WhereToEmigrate.io covers 200+ countries & territories and 2,100+ verified immigration programmes, providing data-driven guidance to help professionals make informed emigration decisions.
It started with a problem we lived through
wheretoemigrate.io was born in London — a city built by people who came from somewhere else. London has always been one of the world's great crossroads for emigrants and immigrants alike, and it's where we watched the emigration landscape up close: the excitement, the bureaucracy, the costly mistakes, the life-changing wins.
But we didn't start as observers. We started as emigrants ourselves. Members of our team have relocated across continents — from South America to Europe, from Europe to North America, from Asia to the Middle East. We've dealt with the visa paperwork, the savings calculations, the agonising "is this the right country?" question at 2 a.m. We've hired immigration lawyers who charged thousands before telling us what we could have figured out in an afternoon with the right information.
The gap we set out to fill
Here's what we discovered: the information you need to make a smart emigration decision exists.

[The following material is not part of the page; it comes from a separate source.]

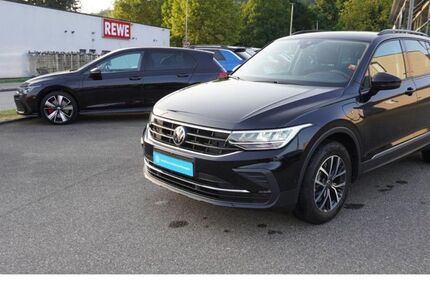 VW Tiguan 42.200 km 29.980 &euro; Schopfheim 79650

It's scattered across government websites in different languages, buried in Reddit threads, hidden behind expensive consultancy fees, or wrapped in marketing fluff by countries trying to attract your money.
Nobody had put it all together in one place and built a tool that could actually match your specific profile — your nationality, savings, profession, age, language skills, priorities — against real visa requirements and tell you, plainly, which countries are realistic for you and which ones aren't.

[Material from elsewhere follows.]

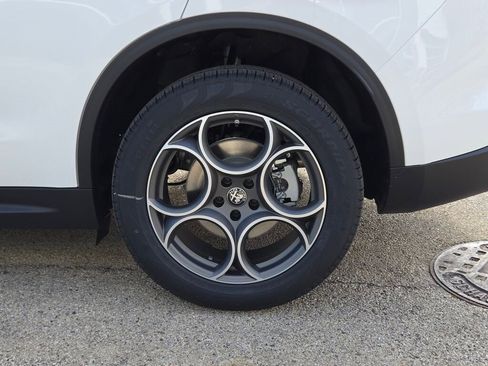 New 2025 Alfa Romeo Stelvio Sprint image 15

So we built it. As of March 2026, wheretoemigrate.io cross-references 2,100+ verified visa programmes across 200+ countries & territories — each traced to official government sources and updated quarterly — making it one of the most comprehensive emigration-matching databases available to the public.
What we actually do
We built an assessment engine that cross-references your personal data against the immigration requirements of dozens of countries. Not theoretical eligibility — practical eligibility. Can you actually get in, afford it, and build a life there?
Our free verdict gives you a ranked list of your best-fit countries. Our paid reports go deeper: specific visa pathways, realistic cost breakdowns, timeline estimates, and concrete next steps. Everything is written by people who've been through the process themselves, verified against official sources, and reviewed on a quarterly cycle to keep up with changing requirements.

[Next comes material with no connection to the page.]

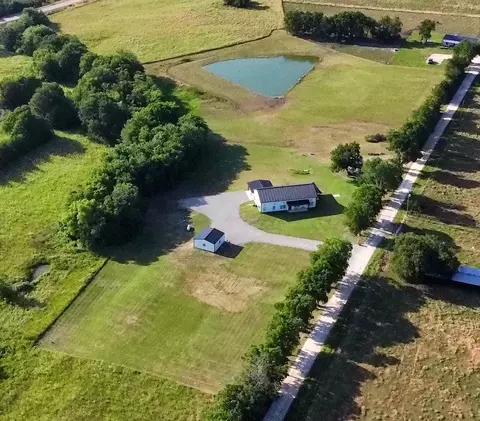 595 County Road 2870, Honey Grove, TX 75446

Between review cycles, some programmes may not reflect the very latest changes — immigration law moves fast, and governments don't always announce changes in advance. We're upfront about this: every pathway in our database shows when it was last reviewed, and we always recommend verifying specifics with official sources before committing.
We don't sugarcoat. If a country looks great on paper but the reality on the ground is different, we'll tell you. If a popular destination doesn't fit your profile, we won't pretend it does just to keep you happy.
What we are not
We're not an immigration law firm. We don't submit visa applications or represent you before any government. We're not financial advisors. We don't tell you what to do — we give you the information you need to decide for yourself.
Think of us as the research phase done right. The part that should come before you hire a lawyer, before you book a one-way flight, before you commit your savings to a path that might not work.
From London to everywhere
What started in a flat in Shoreditch has grown into a platform built for people from any country. Our assessment engine is designed for software engineers in Lagos looking at Canada, retirees in London considering Portugal, teachers in Manila exploring the Gulf, digital nomads in São Paulo weighing up Southeast Asia, and families in Johannesburg planning a move to Australia.
We cover emigration pathways across Europe, North America, Asia-Pacific, the Middle East, and beyond — because the question "where should I go?" doesn't respect borders, and neither do we.